The easy, but expensive, option is to eat commercially prepared and nutritionally balanced freeze dried meals. In NZ where tramping and/or adventure racing are national pastimes for 20% of the population, there are an ever increasing number of options out there. You may have heard of Backcountry Cuisine, but there's also Radix, Real Meals, and Local Dehy.

The cheaper option is to do it yourself, and for that you will need to get hold of a dehydrator, though you can use an oven on the lowest heat setting with the door propped open a little to allow airflow and the escape of steam.

For me, I like to have variety, so I've created a number of meals that I've found filling, tasty and nutritious. 

The first is one of the meals I created for the Bibbulmun and I'm still eating it: 

Miso soup with tuna and soba noodles. Soba noodles take next to no time to cook, tuna dehydrates really well, and rehydrates as easily, miso sachets come in a packet of 12 for less than $2, and I now use half a sheet of nori per meal.

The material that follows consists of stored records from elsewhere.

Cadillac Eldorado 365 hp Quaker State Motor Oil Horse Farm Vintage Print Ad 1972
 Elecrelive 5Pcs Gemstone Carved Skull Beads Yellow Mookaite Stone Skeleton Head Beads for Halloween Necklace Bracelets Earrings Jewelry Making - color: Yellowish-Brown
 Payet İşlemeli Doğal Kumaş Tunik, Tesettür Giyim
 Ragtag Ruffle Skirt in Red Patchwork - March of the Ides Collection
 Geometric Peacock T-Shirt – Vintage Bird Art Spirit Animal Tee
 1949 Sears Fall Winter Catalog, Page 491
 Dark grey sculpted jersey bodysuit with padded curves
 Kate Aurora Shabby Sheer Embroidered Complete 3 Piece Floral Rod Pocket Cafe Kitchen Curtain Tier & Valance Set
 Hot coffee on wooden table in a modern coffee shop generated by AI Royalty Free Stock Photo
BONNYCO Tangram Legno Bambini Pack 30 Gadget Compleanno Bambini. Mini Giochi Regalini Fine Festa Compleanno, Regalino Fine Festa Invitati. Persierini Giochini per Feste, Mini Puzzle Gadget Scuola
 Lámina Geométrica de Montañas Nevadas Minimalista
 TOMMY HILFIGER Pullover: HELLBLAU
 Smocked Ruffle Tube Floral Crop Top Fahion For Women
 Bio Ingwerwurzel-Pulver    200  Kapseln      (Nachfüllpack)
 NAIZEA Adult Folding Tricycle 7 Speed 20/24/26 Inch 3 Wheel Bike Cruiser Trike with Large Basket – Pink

This adds iodine and micronutrients. I also now add some dehydrated mushrooms (easily bought at most supermarkets) and dehydrated vegetables.

I've learnt to cook rice and then dehydrate it, (just add hot water and you're good to go) as a much cheaper option than buying those prepackaged rice meals so prevalent in supermarkets and on the menu of many budget minded trampers. I buy packets of frozen vegetables - the stirfry mixed veg are great because they are chopped already into bite sized pieces - and dehydrate them. Recently, when preparing for the AAWT, I found some frozen roast veg, so I dehydrated them and then incorporated them into a pasta dish.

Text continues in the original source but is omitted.